> _PROMPT_
Without the pictures, write out all the lines below exactly as they appear.

(Web page caption snippets)
»»
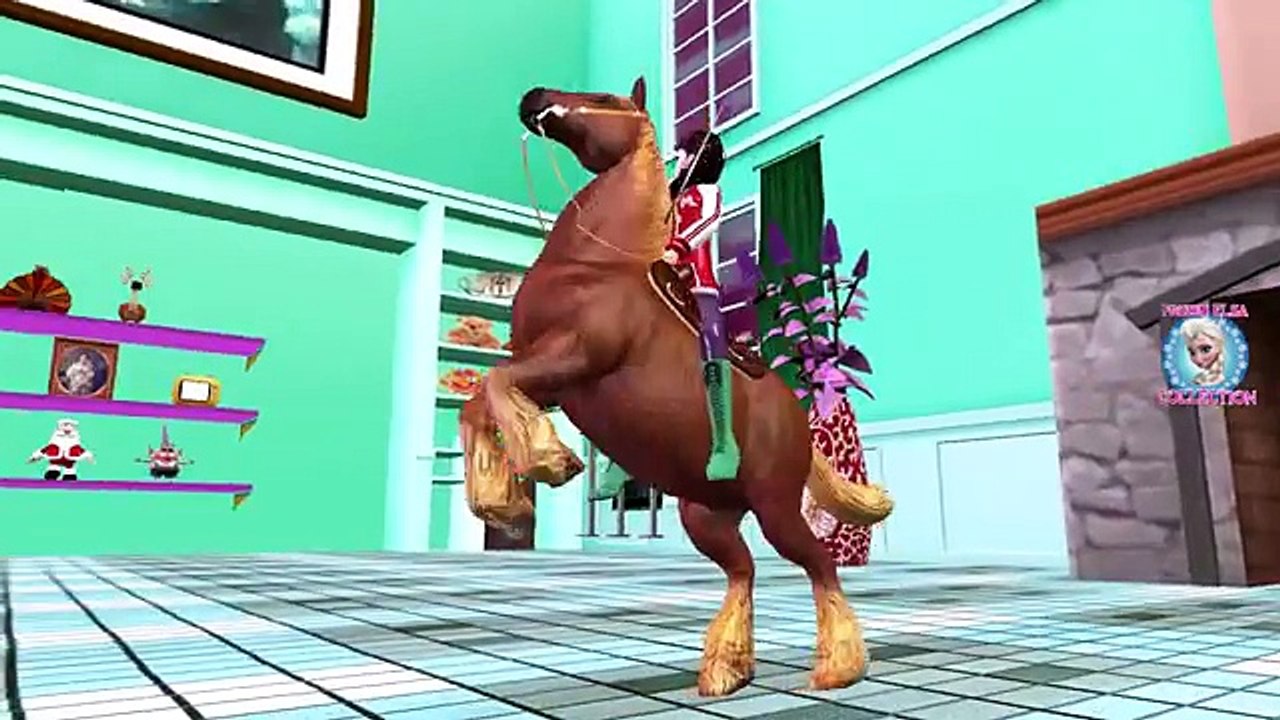 Frozen Elsa Vs IronMan Finger Family | Finger Family Nursery Rhymes | Frozen Elsa IronMan Rhymes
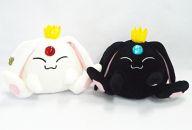 ぬいぐるみ モコナ=モドキ ぬいぐるみセット 「xxxHOLiC×ツバサ」 รูปภาพ 1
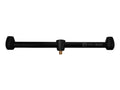 Delphin SimpleBUZZ 2 botos buzzbar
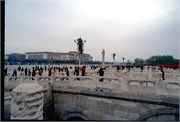 BeijingETC_30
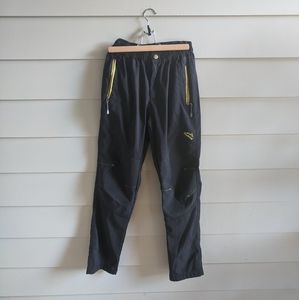 Singbring hiking pants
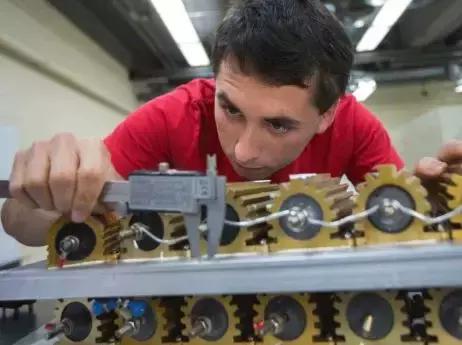 top50大学申请条件,二本大学留学申请top50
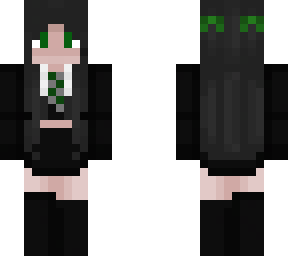 slither
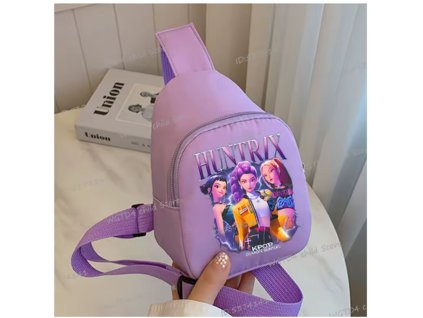 Snímek obrazovky 2025 11 29 205150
««
> _RESULT_
 Frozen Elsa Vs IronMan Finger Family | Finger Family Nursery Rhymes | Frozen Elsa IronMan Rhymes
 ぬいぐるみ モコナ=モドキ ぬいぐるみセット 「xxxHOLiC×ツバサ」 รูปภาพ 1
 Delphin SimpleBUZZ 2 botos buzzbar
 BeijingETC_30
 Singbring hiking pants
 top50大学申请条件,二本大学留学申请top50
 slither
 Snímek obrazovky 2025 11 29 205150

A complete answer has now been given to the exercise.